---- Data block
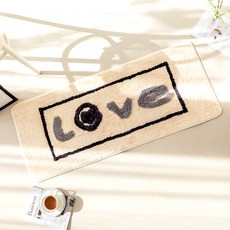 Mother's HOME 3D圖案絨毛腳踏墊, 愛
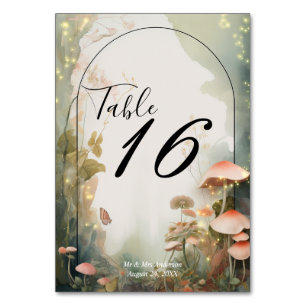 Tarjeta De Mesa Fairy Tale Woodland Fairycore Romance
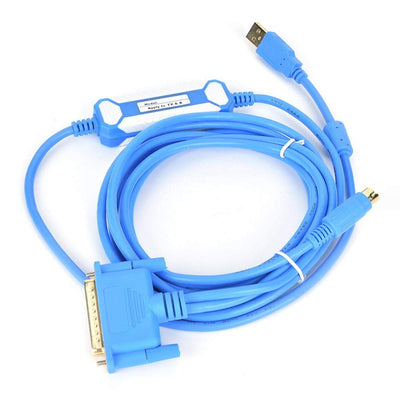 SPS-Programmierkabel, blau USB-SC09 SPS Datenkabel aus reinem Kupfer Download Line für Mitsubishi 3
--------
A faithful copy of all the data above is required, printed exactly and with no pictures.

#### Answer section
 Mother's HOME 3D圖案絨毛腳踏墊, 愛
 Tarjeta De Mesa Fairy Tale Woodland Fairycore Romance
 SPS-Programmierkabel, blau USB-SC09 SPS Datenkabel aus reinem Kupfer Download Line für Mitsubishi 3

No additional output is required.